ACTION ITEM | Somewhere below, one line contains "Pierce & Ward" and a later line contains "Ultrasonic Retainer Cleaner, 42kHz". Output those two lines and everything between them exactly, and nothing else.

MATERIAL FOR THIS TASK |
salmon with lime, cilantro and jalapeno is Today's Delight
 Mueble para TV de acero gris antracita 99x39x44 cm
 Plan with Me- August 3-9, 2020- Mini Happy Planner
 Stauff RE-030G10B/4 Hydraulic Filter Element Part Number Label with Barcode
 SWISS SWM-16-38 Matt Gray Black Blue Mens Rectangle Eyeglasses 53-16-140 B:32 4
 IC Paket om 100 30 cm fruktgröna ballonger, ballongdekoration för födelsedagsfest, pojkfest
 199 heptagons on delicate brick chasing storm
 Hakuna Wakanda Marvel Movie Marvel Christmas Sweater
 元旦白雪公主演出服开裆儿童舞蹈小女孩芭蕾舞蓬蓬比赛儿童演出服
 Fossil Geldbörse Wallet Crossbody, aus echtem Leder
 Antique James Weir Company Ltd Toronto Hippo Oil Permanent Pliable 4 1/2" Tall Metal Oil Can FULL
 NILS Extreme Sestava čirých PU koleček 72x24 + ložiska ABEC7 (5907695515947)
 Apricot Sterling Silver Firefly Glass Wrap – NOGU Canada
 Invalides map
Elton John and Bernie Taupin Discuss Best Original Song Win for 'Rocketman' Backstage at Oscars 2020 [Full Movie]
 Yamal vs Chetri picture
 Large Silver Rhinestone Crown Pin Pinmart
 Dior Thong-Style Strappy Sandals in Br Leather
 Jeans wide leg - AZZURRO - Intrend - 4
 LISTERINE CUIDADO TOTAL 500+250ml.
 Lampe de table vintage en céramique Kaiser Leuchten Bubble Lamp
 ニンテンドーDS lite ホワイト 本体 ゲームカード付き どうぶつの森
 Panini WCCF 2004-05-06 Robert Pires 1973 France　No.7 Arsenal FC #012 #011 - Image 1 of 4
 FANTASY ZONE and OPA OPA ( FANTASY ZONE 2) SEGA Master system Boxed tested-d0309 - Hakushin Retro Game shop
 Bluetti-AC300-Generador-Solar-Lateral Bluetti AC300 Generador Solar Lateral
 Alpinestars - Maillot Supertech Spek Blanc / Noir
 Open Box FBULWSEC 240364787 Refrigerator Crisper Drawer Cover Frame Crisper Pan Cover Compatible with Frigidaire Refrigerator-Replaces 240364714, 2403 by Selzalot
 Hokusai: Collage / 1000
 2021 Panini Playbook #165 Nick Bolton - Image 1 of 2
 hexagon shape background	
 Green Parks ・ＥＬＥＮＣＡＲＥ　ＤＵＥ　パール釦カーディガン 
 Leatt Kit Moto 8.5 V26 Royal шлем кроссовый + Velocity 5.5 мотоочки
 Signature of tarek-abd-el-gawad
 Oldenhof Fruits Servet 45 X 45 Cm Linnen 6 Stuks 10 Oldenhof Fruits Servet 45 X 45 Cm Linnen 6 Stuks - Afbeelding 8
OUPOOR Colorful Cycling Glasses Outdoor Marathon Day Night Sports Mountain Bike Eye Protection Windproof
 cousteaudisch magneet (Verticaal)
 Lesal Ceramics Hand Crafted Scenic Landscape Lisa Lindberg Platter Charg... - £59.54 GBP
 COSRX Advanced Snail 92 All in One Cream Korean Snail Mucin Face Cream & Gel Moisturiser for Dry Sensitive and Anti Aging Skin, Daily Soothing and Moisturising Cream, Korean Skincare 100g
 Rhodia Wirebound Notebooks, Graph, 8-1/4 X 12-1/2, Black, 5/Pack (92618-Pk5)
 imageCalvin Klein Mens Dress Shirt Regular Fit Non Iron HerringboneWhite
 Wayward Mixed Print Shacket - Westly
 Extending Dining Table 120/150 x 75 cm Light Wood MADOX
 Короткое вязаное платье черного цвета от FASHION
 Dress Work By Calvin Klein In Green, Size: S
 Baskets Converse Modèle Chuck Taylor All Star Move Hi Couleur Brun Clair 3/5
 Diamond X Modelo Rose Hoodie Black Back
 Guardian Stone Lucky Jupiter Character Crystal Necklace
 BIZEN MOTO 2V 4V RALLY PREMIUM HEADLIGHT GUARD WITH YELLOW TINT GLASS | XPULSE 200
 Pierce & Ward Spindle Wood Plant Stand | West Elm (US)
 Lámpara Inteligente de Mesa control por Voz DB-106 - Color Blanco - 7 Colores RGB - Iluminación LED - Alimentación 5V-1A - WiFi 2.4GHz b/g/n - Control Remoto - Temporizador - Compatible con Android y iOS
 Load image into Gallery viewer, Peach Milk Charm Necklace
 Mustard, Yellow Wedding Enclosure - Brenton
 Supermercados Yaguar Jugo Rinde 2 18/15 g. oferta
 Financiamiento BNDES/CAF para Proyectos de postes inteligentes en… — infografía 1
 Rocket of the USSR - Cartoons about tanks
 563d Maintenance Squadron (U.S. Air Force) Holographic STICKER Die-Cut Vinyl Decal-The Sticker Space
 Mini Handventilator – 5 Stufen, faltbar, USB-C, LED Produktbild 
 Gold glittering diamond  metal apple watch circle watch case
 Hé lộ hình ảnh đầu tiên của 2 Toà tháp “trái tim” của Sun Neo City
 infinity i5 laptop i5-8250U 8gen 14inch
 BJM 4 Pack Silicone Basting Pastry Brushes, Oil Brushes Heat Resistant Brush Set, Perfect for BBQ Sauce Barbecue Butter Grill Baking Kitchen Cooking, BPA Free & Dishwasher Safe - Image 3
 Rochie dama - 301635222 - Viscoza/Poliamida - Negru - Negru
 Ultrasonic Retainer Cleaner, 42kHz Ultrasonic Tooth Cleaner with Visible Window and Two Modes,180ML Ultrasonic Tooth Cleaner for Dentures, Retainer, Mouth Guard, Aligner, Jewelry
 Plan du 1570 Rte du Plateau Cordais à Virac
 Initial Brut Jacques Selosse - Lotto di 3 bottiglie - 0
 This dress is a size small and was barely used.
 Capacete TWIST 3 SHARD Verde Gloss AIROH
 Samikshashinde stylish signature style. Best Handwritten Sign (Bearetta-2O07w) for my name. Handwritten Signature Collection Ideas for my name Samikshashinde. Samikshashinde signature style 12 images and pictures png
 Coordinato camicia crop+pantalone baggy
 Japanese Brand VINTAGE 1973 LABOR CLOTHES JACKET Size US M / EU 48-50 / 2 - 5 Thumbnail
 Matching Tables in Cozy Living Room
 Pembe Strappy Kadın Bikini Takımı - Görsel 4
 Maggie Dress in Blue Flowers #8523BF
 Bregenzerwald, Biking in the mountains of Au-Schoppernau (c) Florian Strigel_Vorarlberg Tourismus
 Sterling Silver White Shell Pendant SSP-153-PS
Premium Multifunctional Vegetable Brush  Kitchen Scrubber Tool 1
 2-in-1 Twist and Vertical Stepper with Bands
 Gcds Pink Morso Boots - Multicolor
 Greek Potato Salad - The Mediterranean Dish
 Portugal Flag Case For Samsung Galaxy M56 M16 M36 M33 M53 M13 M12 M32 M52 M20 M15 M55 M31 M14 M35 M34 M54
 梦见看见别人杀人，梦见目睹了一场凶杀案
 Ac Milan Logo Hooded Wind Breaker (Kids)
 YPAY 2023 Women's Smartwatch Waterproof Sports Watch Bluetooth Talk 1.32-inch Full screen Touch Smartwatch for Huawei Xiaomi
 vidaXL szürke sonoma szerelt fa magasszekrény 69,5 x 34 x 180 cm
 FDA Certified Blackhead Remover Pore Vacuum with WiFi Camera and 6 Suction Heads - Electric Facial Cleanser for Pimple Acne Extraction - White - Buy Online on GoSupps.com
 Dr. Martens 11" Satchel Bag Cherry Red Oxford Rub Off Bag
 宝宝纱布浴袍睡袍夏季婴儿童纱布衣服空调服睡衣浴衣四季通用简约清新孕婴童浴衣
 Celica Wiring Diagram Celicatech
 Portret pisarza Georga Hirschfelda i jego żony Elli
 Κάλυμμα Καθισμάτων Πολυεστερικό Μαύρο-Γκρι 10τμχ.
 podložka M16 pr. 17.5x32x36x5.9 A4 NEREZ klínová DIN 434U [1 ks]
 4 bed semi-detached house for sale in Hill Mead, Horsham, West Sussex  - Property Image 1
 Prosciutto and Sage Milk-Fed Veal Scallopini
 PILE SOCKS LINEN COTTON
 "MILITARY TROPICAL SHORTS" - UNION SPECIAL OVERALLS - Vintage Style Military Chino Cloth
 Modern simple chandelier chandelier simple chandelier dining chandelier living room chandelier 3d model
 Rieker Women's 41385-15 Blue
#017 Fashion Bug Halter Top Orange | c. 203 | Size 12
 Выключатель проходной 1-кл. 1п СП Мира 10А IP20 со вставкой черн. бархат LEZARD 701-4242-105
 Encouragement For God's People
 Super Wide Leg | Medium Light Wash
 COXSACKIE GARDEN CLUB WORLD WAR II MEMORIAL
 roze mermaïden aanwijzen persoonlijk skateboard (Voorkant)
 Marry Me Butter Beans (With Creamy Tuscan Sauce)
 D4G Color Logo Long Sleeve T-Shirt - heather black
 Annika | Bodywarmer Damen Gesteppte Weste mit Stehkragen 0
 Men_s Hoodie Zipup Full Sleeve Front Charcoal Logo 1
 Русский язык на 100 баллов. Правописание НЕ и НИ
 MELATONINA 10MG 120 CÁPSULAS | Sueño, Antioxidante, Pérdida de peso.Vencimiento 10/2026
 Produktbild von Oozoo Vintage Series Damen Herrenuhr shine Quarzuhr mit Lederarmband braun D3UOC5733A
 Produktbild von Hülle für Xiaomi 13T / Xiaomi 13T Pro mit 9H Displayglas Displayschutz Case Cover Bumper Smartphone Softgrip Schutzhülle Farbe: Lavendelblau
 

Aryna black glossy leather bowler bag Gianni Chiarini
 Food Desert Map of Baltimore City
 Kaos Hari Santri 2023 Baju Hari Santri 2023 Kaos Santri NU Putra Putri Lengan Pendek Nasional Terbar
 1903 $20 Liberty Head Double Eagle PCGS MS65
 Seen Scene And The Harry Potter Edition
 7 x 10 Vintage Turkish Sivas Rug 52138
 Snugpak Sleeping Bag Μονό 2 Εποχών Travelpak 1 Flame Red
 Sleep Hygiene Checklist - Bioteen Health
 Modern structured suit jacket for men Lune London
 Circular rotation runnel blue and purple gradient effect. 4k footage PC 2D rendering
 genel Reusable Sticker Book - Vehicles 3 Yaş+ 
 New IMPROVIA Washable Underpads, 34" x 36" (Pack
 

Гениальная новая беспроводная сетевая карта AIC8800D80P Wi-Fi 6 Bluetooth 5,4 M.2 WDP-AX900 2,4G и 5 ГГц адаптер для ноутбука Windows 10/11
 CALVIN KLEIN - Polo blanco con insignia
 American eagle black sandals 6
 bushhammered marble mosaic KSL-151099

COMPLETED TASK |
 Pierce & Ward Spindle Wood Plant Stand | West Elm (US)
 Lámpara Inteligente de Mesa control por Voz DB-106 - Color Blanco - 7 Colores RGB - Iluminación LED - Alimentación 5V-1A - WiFi 2.4GHz b/g/n - Control Remoto - Temporizador - Compatible con Android y iOS
 Load image into Gallery viewer, Peach Milk Charm Necklace
 Mustard, Yellow Wedding Enclosure - Brenton
 Supermercados Yaguar Jugo Rinde 2 18/15 g. oferta
 Financiamiento BNDES/CAF para Proyectos de postes inteligentes en… — infografía 1
 Rocket of the USSR - Cartoons about tanks
 563d Maintenance Squadron (U.S. Air Force) Holographic STICKER Die-Cut Vinyl Decal-The Sticker Space
 Mini Handventilator – 5 Stufen, faltbar, USB-C, LED Produktbild 
 Gold glittering diamond  metal apple watch circle watch case
 Hé lộ hình ảnh đầu tiên của 2 Toà tháp “trái tim” của Sun Neo City
 infinity i5 laptop i5-8250U 8gen 14inch
 BJM 4 Pack Silicone Basting Pastry Brushes, Oil Brushes Heat Resistant Brush Set, Perfect for BBQ Sauce Barbecue Butter Grill Baking Kitchen Cooking, BPA Free & Dishwasher Safe - Image 3
 Rochie dama - 301635222 - Viscoza/Poliamida - Negru - Negru
 Ultrasonic Retainer Cleaner, 42kHz Ultrasonic Tooth Cleaner with Visible Window and Two Modes,180ML Ultrasonic Tooth Cleaner for Dentures, Retainer, Mouth Guard, Aligner, Jewelry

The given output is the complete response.